Storia della “questione” meridionale

Il 9 novembre 2017 il prof. Antonino Romeo ha tenuto una brillante lezione al Corso dell’ISFPS sulla questione meridionale a partire dal periodo postunitario.

Partendo proprio da Mons. A. Lanza – che nel 1948 stilò per la Conferenza Episcopale Italiana un documento su “I problemi del Mezzogiorno”, non firmato dai vescovi siciliani – il relatore ha rilevato che, al momento dell’Unità d’Italia, il nostro Paese, arretrato sul piano industriale, vedeva un divario minimo tra Nord e Sud Italia nell’industria pesante e tessile, ma manteneva enormi distanze rispetto agli altri Paesi europei. Al Sud le infrastrutture erano quasi inesistenti, scarsa l’attività commerciale, elevatissimo il tasso di analfabetismo.

L’arrivo dei grani americani e il crollo dei prezzi agricoli rese improcrastinabile l’industrializzazione: seguì la fase del protezionismo degli anni ’80 dell’Ottocento. Alla stremata popolazione meridionale non restò che la dolorosa via dell’emigrazione.

Tra le figure politiche di maggiore spicco di quegli anni, si ricordano F. Crispi, primo Presidente del Consiglio meridionale nel 1887 (che prevedeva l’industrializzazione di tutto il Paese) e F. S. Nitti, che nel 1900 scrisse il saggio “Nord e Sud” (in cui si denunciava la “rapina fiscale” a danno dei meridionali avvenuta dopo l’Unità).

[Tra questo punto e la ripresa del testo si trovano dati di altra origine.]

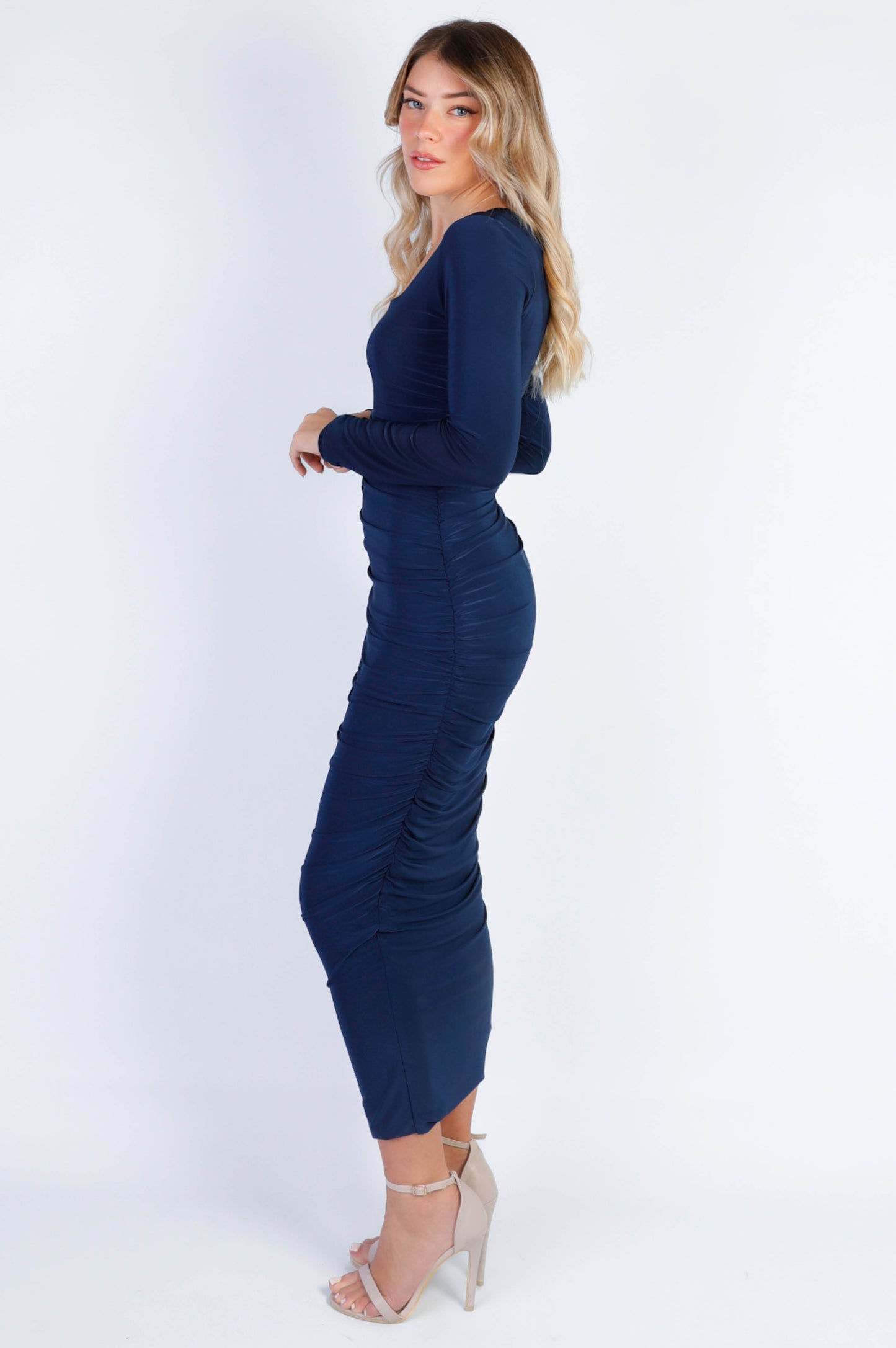 Evie Square Neck Long Sleeve Ruched Midaxi Dress in Navy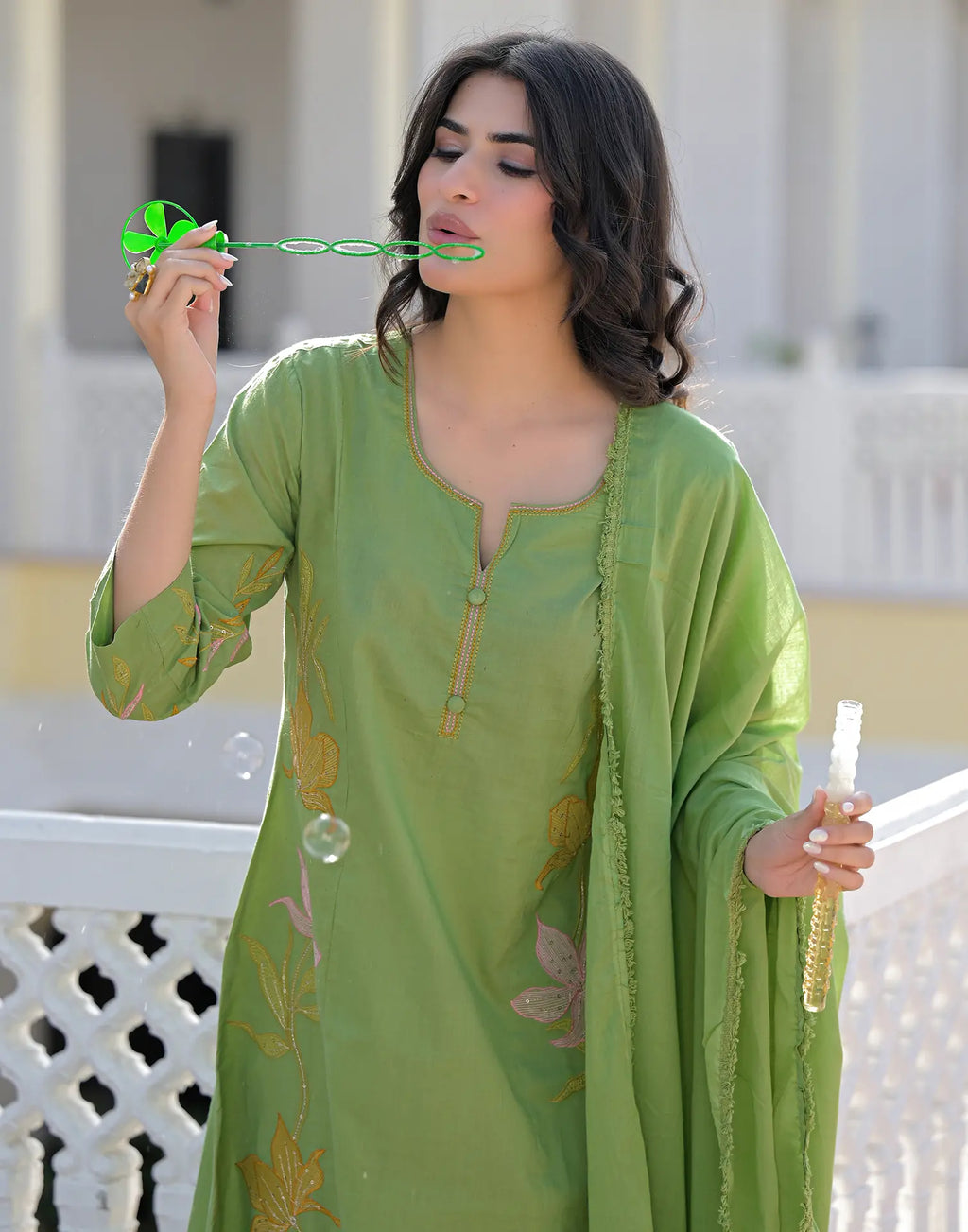 Skylee Cotton Embroidered Straight 3 Piece Kurta Set For Woman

Nitti criticò la classe politica del Sud, inetta e incapace. Il suo progetto di industrializzazione fu realizzato solo in parte.

La tragedia della Grande Guerra segnò maggiormente il divario industriale italiano e la tassazione sui terreni agricoli penalizzò ancora una volta il Sud.

A sua volta, il fascismo negò la questione meridionale. Nonostante le opere di bonifica delle zone paludose, molti contadini poveri non avevano altra scelta che arruolarsi per la guerra d’Africa. L’IRI puntò al rilancio dell’impiantistica industriale al Sud, ma la II Guerra Mondiale causò la distruzione di ciò che era stato creato.

Nel secondo dopoguerra le scelte di investimento delle somme stanziate dal governo americano furono punitive nei confronti del Sud, poiché si preferì utilizzarle per consolidare la lira, piuttosto che per avviare iniziative ritenute antieconomiche.

Il Piano del lavoro redatto da G. Di Vittorio nel 1939, che prevedeva attività concrete per il Sud, venne bocciato da Togliatti, che lo considerò un residuo del vecchio meridionalismo.

Nel 1950 si avviò una riforma agraria e venne istituita con la l. n. 646 la Cassa per il Mezzogiorno, voluta da meridionalisti quali P. Saraceno e R. Morandi: pur mancando di autonomia gestionale, nei primi anni operò positivamente.

Successivamente, dopo i Trattati di Roma e gli interventi da questi riservati alle aree svantaggiate, si ebbe un lieve aumento del Pil al Sud. Ma già a metà degli anni ’60, dopo la crisi economica conseguente allo shock petrolifero, divenne impossibile erogare denaro a fondo perduto.

Nel decennio successivo il problema della “questione” meridionale verrà accantonato, fino ad arrivare, negli anni a noi più vicini, ad un vero e proprio anti-meridionalismo e al proporsi, semmai, di una “questione settentrionale”.